> **ACTION ITEM**
Repeat the records given below in full, with no changes.

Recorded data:
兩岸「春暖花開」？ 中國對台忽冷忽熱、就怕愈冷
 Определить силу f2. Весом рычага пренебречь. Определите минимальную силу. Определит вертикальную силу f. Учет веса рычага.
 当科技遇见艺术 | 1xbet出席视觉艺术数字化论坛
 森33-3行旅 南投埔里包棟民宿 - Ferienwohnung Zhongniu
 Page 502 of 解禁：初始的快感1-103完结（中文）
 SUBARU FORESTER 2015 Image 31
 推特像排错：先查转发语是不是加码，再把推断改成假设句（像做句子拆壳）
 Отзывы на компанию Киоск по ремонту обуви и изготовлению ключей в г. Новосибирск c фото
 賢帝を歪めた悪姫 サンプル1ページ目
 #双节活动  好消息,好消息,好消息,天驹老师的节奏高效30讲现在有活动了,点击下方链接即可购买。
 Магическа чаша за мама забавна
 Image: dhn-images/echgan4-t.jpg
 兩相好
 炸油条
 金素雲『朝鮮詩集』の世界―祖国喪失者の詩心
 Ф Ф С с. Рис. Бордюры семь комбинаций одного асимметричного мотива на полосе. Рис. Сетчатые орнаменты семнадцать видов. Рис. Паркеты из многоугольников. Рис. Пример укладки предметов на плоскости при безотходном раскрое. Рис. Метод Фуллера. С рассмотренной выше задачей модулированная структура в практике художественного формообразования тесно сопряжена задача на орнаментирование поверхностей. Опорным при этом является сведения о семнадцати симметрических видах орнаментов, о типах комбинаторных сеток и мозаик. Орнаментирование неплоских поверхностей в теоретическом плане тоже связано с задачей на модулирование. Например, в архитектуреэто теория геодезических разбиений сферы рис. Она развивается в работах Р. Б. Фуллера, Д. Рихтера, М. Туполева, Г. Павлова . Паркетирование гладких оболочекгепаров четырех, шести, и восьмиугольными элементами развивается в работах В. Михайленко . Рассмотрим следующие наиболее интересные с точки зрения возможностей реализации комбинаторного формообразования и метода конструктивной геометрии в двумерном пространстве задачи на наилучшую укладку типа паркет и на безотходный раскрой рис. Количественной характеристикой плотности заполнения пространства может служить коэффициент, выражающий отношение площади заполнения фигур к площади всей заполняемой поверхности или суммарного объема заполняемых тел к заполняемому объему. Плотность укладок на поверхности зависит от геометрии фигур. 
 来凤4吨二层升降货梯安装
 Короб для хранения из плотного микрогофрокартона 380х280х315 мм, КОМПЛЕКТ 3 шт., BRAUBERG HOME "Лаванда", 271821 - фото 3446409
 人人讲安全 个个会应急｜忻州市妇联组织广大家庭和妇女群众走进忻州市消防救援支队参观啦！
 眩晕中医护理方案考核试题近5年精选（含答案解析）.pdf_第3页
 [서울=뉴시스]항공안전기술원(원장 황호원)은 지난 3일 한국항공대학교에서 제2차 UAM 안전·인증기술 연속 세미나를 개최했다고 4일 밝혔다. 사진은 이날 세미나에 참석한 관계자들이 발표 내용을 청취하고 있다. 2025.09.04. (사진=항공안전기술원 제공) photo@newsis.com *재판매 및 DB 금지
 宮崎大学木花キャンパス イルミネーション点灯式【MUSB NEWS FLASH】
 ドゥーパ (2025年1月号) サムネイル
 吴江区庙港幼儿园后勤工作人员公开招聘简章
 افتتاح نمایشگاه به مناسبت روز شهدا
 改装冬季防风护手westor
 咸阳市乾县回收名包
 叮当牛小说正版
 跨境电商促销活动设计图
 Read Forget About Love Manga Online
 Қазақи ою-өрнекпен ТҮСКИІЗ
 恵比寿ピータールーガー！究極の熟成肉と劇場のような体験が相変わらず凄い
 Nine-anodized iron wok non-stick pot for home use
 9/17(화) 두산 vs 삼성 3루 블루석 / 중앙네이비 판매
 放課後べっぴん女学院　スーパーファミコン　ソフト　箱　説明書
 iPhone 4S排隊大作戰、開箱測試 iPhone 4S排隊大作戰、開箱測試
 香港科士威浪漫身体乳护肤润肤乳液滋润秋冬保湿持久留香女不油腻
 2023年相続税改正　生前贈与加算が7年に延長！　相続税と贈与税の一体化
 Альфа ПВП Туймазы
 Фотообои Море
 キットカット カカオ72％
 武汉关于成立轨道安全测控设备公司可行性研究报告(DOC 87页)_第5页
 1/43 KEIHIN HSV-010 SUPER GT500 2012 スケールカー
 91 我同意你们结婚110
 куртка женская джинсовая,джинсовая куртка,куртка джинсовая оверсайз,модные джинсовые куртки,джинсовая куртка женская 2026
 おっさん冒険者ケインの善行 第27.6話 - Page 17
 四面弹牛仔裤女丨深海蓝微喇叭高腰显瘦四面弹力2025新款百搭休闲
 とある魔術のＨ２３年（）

> **THE ANSWER**
兩岸「春暖花開」？ 中國對台忽冷忽熱、就怕愈冷
 Определить силу f2. Весом рычага пренебречь. Определите минимальную силу. Определит вертикальную силу f. Учет веса рычага.
 当科技遇见艺术 | 1xbet出席视觉艺术数字化论坛
 森33-3行旅 南投埔里包棟民宿 - Ferienwohnung Zhongniu
 Page 502 of 解禁：初始的快感1-103完结（中文）
 SUBARU FORESTER 2015 Image 31
 推特像排错：先查转发语是不是加码，再把推断改成假设句（像做句子拆壳）
 Отзывы на компанию Киоск по ремонту обуви и изготовлению ключей в г. Новосибирск c фото
 賢帝を歪めた悪姫 サンプル1ページ目
 #双节活动  好消息,好消息,好消息,天驹老师的节奏高效30讲现在有活动了,点击下方链接即可购买。
 Магическа чаша за мама забавна
 Image: dhn-images/echgan4-t.jpg
 兩相好
 炸油条
 金素雲『朝鮮詩集』の世界―祖国喪失者の詩心
 Ф Ф С с. Рис. Бордюры семь комбинаций одного асимметричного мотива на полосе. Рис. Сетчатые орнаменты семнадцать видов. Рис. Паркеты из многоугольников. Рис. Пример укладки предметов на плоскости при безотходном раскрое. Рис. Метод Фуллера. С рассмотренной выше задачей модулированная структура в практике художественного формообразования тесно сопряжена задача на орнаментирование поверхностей. Опорным при этом является сведения о семнадцати симметрических видах орнаментов, о типах комбинаторных сеток и мозаик. Орнаментирование неплоских поверхностей в теоретическом плане тоже связано с задачей на модулирование. Например, в архитектуреэто теория геодезических разбиений сферы рис. Она развивается в работах Р. Б. Фуллера, Д. Рихтера, М. Туполева, Г. Павлова . Паркетирование гладких оболочекгепаров четырех, шести, и восьмиугольными элементами развивается в работах В. Михайленко . Рассмотрим следующие наиболее интересные с точки зрения возможностей реализации комбинаторного формообразования и метода конструктивной геометрии в двумерном пространстве задачи на наилучшую укладку типа паркет и на безотходный раскрой рис. Количественной характеристикой плотности заполнения пространства может служить коэффициент, выражающий отношение площади заполнения фигур к площади всей заполняемой поверхности или суммарного объема заполняемых тел к заполняемому объему. Плотность укладок на поверхности зависит от геометрии фигур. 
 来凤4吨二层升降货梯安装
 Короб для хранения из плотного микрогофрокартона 380х280х315 мм, КОМПЛЕКТ 3 шт., BRAUBERG HOME "Лаванда", 271821 - фото 3446409
 人人讲安全 个个会应急｜忻州市妇联组织广大家庭和妇女群众走进忻州市消防救援支队参观啦！
 眩晕中医护理方案考核试题近5年精选（含答案解析）.pdf_第3页
 [서울=뉴시스]항공안전기술원(원장 황호원)은 지난 3일 한국항공대학교에서 제2차 UAM 안전·인증기술 연속 세미나를 개최했다고 4일 밝혔다. 사진은 이날 세미나에 참석한 관계자들이 발표 내용을 청취하고 있다. 2025.09.04. (사진=항공안전기술원 제공) photo@newsis.com *재판매 및 DB 금지
 宮崎大学木花キャンパス イルミネーション点灯式【MUSB NEWS FLASH】
 ドゥーパ (2025年1月号) サムネイル
 吴江区庙港幼儿园后勤工作人员公开招聘简章
 افتتاح نمایشگاه به مناسبت روز شهدا
 改装冬季防风护手westor
 咸阳市乾县回收名包
 叮当牛小说正版
 跨境电商促销活动设计图
 Read Forget About Love Manga Online
 Қазақи ою-өрнекпен ТҮСКИІЗ
 恵比寿ピータールーガー！究極の熟成肉と劇場のような体験が相変わらず凄い
 Nine-anodized iron wok non-stick pot for home use
 9/17(화) 두산 vs 삼성 3루 블루석 / 중앙네이비 판매
 放課後べっぴん女学院　スーパーファミコン　ソフト　箱　説明書
 iPhone 4S排隊大作戰、開箱測試 iPhone 4S排隊大作戰、開箱測試
 香港科士威浪漫身体乳护肤润肤乳液滋润秋冬保湿持久留香女不油腻
 2023年相続税改正　生前贈与加算が7年に延長！　相続税と贈与税の一体化
 Альфа ПВП Туймазы
 Фотообои Море
 キットカット カカオ72％
 武汉关于成立轨道安全测控设备公司可行性研究报告(DOC 87页)_第5页
 1/43 KEIHIN HSV-010 SUPER GT500 2012 スケールカー
 91 我同意你们结婚110
 куртка женская джинсовая,джинсовая куртка,куртка джинсовая оверсайз,модные джинсовые куртки,джинсовая куртка женская 2026
 おっさん冒険者ケインの善行 第27.6話 - Page 17
 四面弹牛仔裤女丨深海蓝微喇叭高腰显瘦四面弹力2025新款百搭休闲
 とある魔術のＨ２３年（）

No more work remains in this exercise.